The port company announced recently it has signed a conditional agreement to buy 33 hectares of land at Northgate Business Park at Horotiu to establish a major inland freight hub.

Allan has welcomed the decision and said it was a major success for his council’s economic development strategy adopted in 2012. In October 2014 the council launched a website (www.openwaikato.co.nz) to support new business and investment in the district. The site was receiving thousands of visits each month and had generated a number of enquiries.

“Waikato is now the fourth-largest regional economy in New Zealand and we’re growing fast,” Allan said.

“Our location in the golden triangle between Hamilton, Auckland and Tauranga, and our commitment to encouraging and assisting investment means Waikato district has built a reputation as the go-to place for investors.” Allan said the announcement would be no surprise to those in the logistics, freight or exporting sectors.  The announcement has already generated further inquiry, he said.

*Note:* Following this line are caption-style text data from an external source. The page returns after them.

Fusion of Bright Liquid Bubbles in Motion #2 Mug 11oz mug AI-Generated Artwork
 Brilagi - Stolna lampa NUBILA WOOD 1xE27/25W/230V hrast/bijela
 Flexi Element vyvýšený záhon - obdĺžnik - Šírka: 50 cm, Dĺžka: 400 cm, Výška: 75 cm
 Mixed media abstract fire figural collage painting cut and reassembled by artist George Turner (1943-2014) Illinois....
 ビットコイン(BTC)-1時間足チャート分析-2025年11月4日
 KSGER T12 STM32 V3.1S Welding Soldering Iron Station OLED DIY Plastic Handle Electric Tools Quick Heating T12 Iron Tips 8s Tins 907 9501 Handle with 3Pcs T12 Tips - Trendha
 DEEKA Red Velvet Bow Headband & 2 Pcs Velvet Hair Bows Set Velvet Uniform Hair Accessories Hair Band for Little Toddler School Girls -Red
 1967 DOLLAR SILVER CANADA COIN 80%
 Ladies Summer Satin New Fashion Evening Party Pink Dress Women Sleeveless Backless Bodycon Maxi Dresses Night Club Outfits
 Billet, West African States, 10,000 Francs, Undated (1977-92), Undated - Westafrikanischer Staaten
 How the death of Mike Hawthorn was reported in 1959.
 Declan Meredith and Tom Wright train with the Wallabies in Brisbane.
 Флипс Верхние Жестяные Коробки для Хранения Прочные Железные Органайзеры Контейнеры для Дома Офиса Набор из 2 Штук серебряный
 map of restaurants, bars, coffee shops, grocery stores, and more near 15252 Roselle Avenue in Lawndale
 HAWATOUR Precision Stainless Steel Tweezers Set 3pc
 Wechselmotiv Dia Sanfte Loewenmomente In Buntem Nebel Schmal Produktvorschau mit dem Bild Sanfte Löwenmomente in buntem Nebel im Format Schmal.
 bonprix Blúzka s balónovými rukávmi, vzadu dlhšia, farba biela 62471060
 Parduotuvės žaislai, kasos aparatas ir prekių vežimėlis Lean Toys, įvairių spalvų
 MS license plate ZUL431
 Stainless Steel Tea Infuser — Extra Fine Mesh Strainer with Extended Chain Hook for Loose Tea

“Northgate is adjacent to major transport links, both road and rail, and sits between two major sea ports and Auckland International Airport.  Resource consents have been in place since 2011 and the land is zoned industrial. The whole package is already there,” he said.

Allan said Waikato District Council was fielding a growing stream of investment inquiries including from another major dairy manufacturer as well as Chinese investors.

Some Auckland-based companies were talking to the council about relocating to the Waikato district because of its easy access to Auckland, the availability and cost of land and a strong local labour market.

Many were sold on Waikato’s strategic location and existing infrastructure plus the council’s positive approach to encouraging growth and development, he said.

“What’s great about the Ports of Auckland announcement is that this will be the catalyst for high-quality job opportunities for our people. And those benefits will flow directly into our communities.”

“That’s what we want – growth that has a direct payback for our district with the ability to stimulate further economic activity.”

Allan noted employment growth in the Waikato district had increased by 3.1 percent in 2015 compared with 2.4 percent nationally. At the same time, the number of businesses had grown by 2.3 percent compared to 1.8 percent across New Zealand.

“Waikato is a growing district, we all know that and yes that can be challenging. As a council, we’ve focused on putting the right building blocks in place so that developers and organisations like Northgate and the port want to come to Waikato and do business.  And they do, so I’m pretty chuffed.”

Meanwhile, Hamiltonians have a further chance to submit their feedback on the proposed rezoning of Ruakura (Ruakura Variation).

The Ruakura Variation is a proposed addition to the Hamilton City Council’s Proposed District Plan and will enable further development in the Ruakura area, comprising a 480ha, $3.3 billion project incorporating housing, businesses, parks, educational facilities and Tainui Group Holdings’ proposal to build an inland port and freight hub. During the initial consultation on the Ruakura Variation in November, the council received 50 submissions.

This further submission period allows people to share their support or opposing views on any of the points made in these initial submissions.

A summary of all primary submissions is available online alongside a form to submit further feedback. Submissions close at 4.30pm Wednesday, March 2.